Many authors, most notably the excellent Civil War scholar T.H. Williams, paint a certain picture of Lincoln as commander-in-chief. This picture is one where he has the correct strategic ideas on how to prosecute the war, but despite showing understanding, has to continually shuffle through generals until he finds Grant, and then he happily steps back, and lets Grant fight the war after providing his usual wise guidance. In reality, Lincoln’s insistence on using his political generals in the field severely handicapped Grant. Grant suggested returning generals like Buell and McClellan to active duty; Grant wasn’t overfond of Buell, but his motivation was probably to get professional soldiers to use to displace Lincoln’s politician-generals. But despite objections from Grant, Nathaniel Banks retained his post in the west, and also some of Sherman’s veteran troops that he had been loaned. The Red River Campaign in Louisiana was a pet project of Lincoln or Halleck’s, I’ve seen conflicting interpretations on that, but regardless, Lincoln allowed it to go forward despite the fact that Grant and even Banks himself were opposed to it. Benjamin Butler, a politician-general with a terrible combat record, also was given command of the Army of the James, which was a key component in Grant’s plan. Grant was initially not happy about this, though he came away from his first meeting with Butler favorably impressed. Grant tried to counteract potential shortcomings of Butler’s by giving him two professional subordinates to work with, William F. Smith, and Quincy A. Gilmore. Smith was a motormouth and a gossip, and a quarrelsome one at that. But he and Butler actually managed to largely tolerate each other; Gilmore didn’t get along with either of them however. There was also Franz Sigel in the Valley; I’m not aware that Grant expressed any specific protest there, but Halleck later dryly informed Grant by telegram that he couldn’t expect Sigel to do anything but run, so his shortcomings were well known.
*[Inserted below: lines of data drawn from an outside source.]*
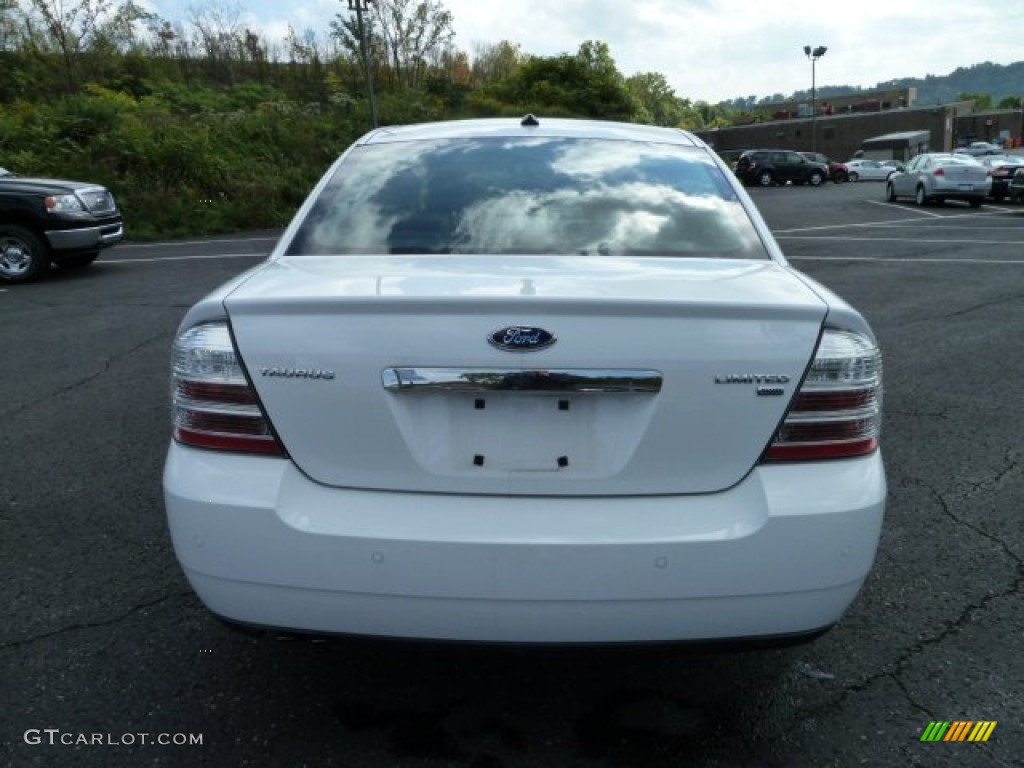 2008 Taurus Limited AWD - Oxford White / Black photo #3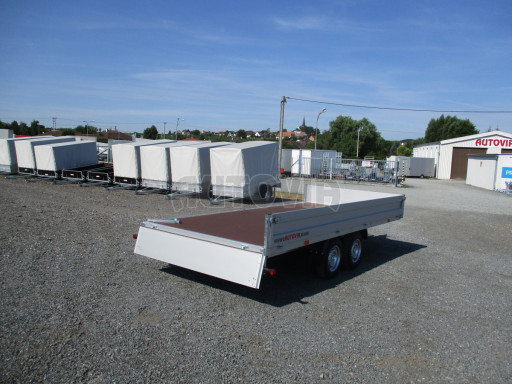 Dvounápravový přívěs ZV 41 2,7T B2 4,18x2,00/0,35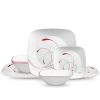Corelle® Square Splendor 12-piece Dinnerware Set with Appetizer Plates, Service for 4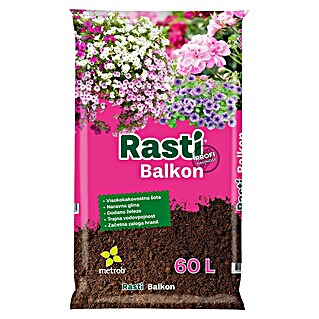 Metrob Zemlja za balkonske rastline in pelargonije Rasti Balkon (Rjava, 60 l)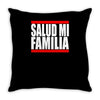 salud mi familia  fast 7 vin auto tuning diesel paul walker kult fun l Throw Pillow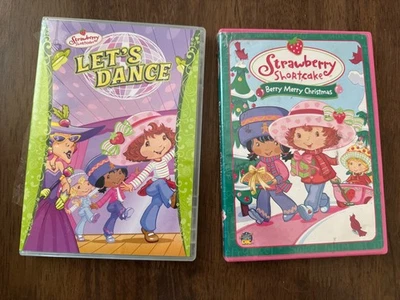Strawberry Shortcake - Berry, Merry Christmas (VHS, 2003) Clamshell + Lets Dance - Image 1 of 4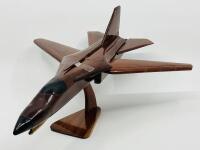 GENERAL&nbsp;DYNAMICS F-111 MODEL: 'Aardvark' Bomber Model 43cm long, solid wood [Location: Sydney]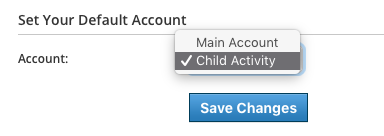 Set your Default Account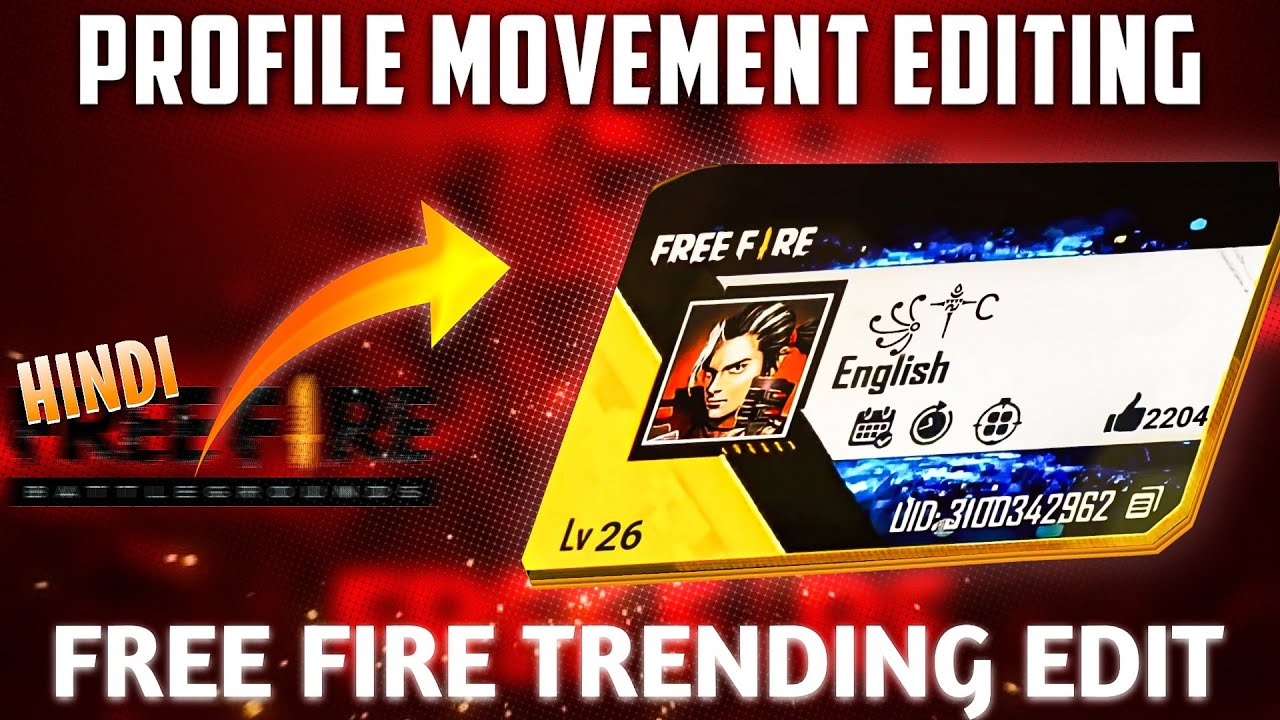 profile editing free fire | free fire editing video | free fire profile edit in 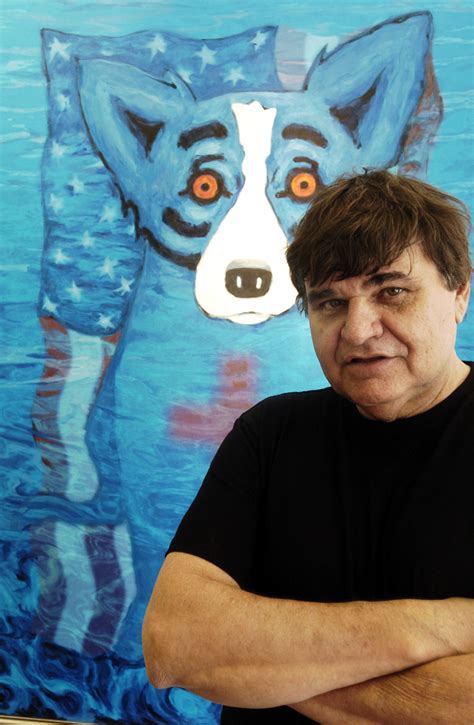 George Rodrigue, known for his Blue Dog paintings, dies
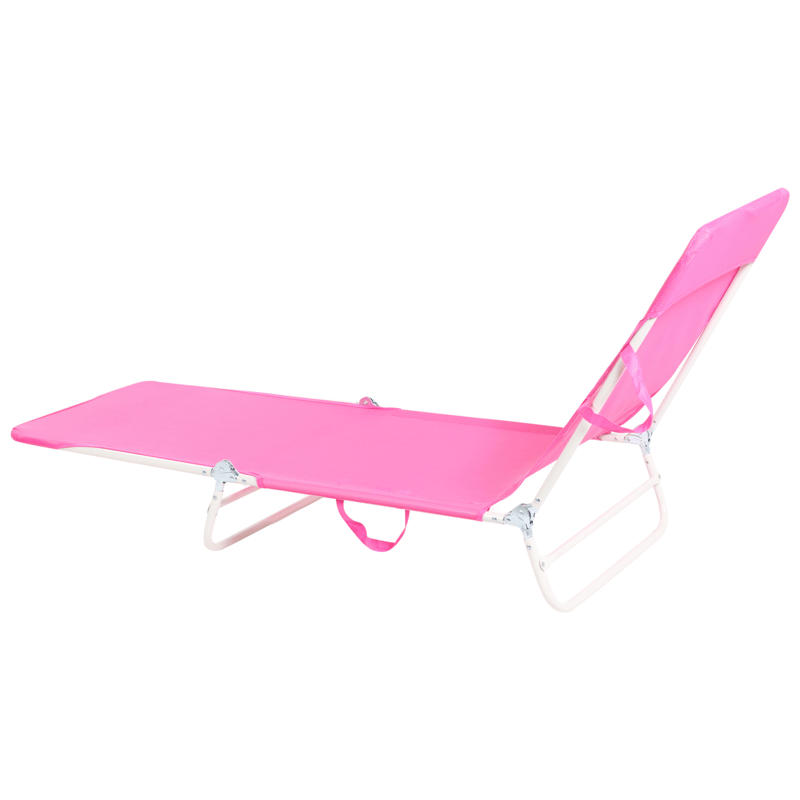 Solseng utendørs Kastoria Stål - Rosa/Hvit - Hagemøbler & utemiljø - Stoler & Lenestoler - Solsenger & solvogner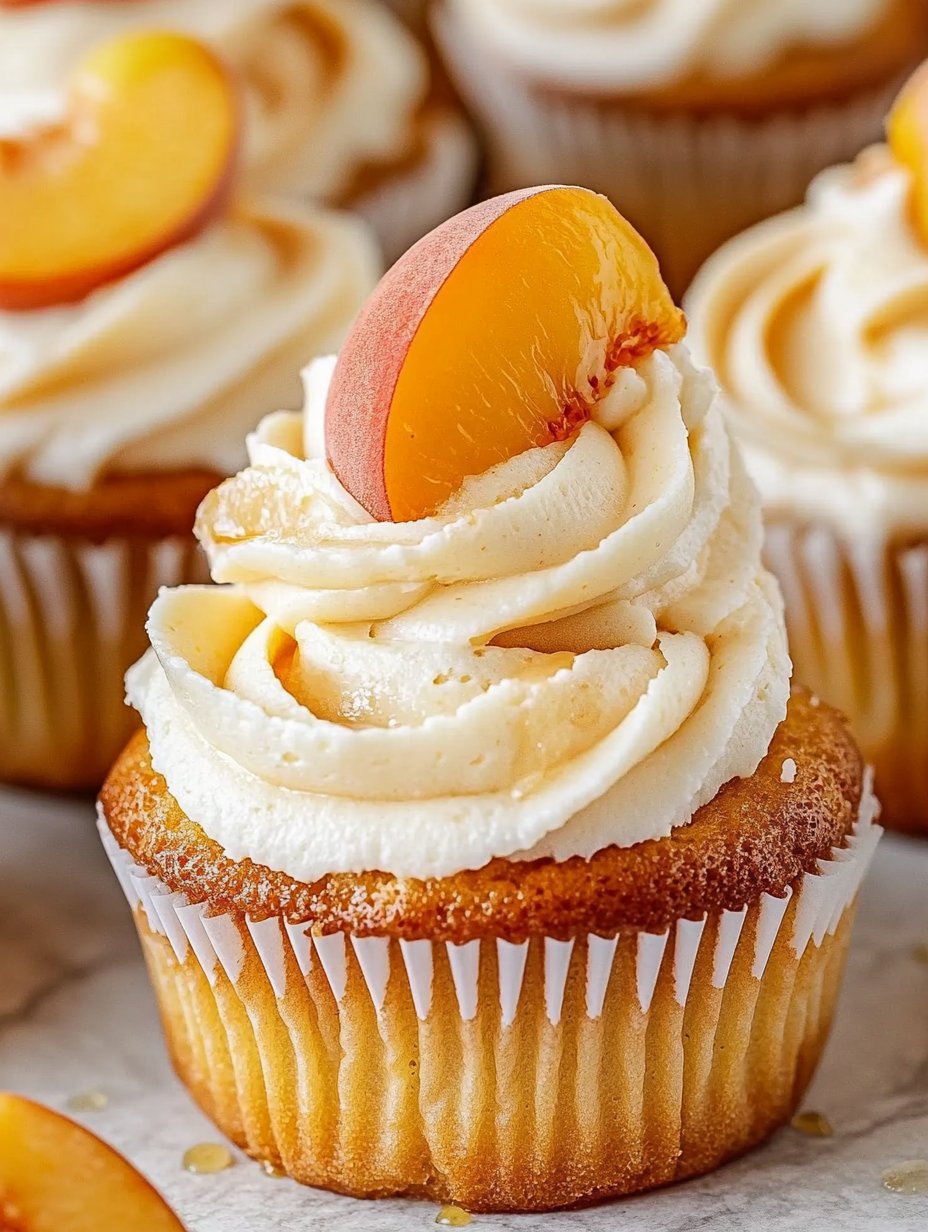 Honey Peach Cream Cheese Cupcakes Recipe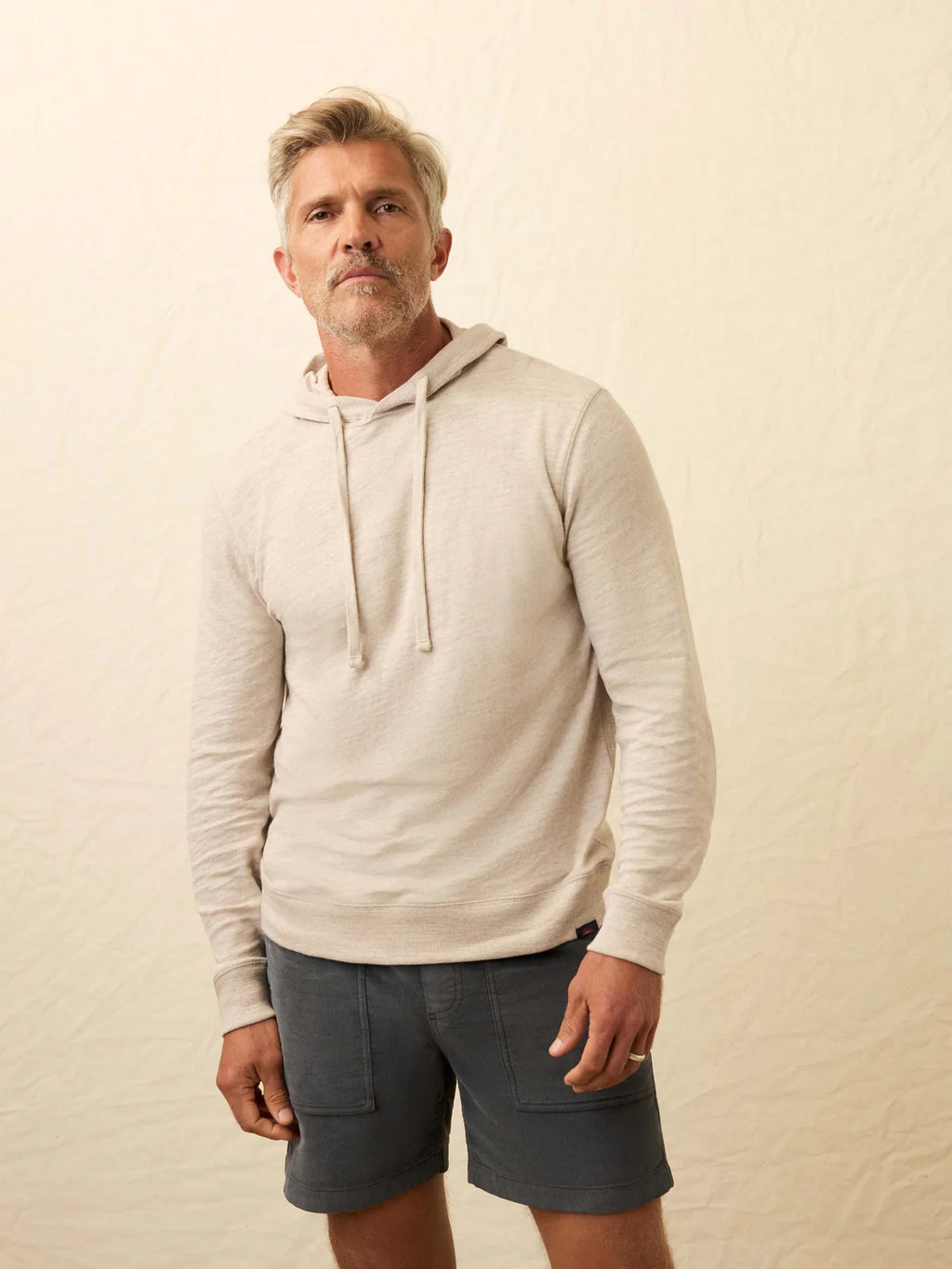 Faherty Men's Slub Cotton Hoodie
Lincoln’s unwillingness to take the risk of offending a few politically important people very likely prolonged the war in 1864. Unlike many who hail Lincoln as a model commander-in-chief, in this instance at least, the military debacles created by his political generals far, far outweighed whatever benefit he got from keeping them in their posts. Banks and Sigel had to be relieved for incompetence in any case, and Butler was gone shortly after the elections. If, instead of sending Banks on his quixotic Red River Campaign, Lincoln had done as Grant wished and used those troops to take Mobile, then cooperate with Sherman in Georgia, the result would have been far superior. The same holds true for Butler and Sigel in Virginia. Grant did not have a free hand; in effect, he had to fight with one hand tied behind his back.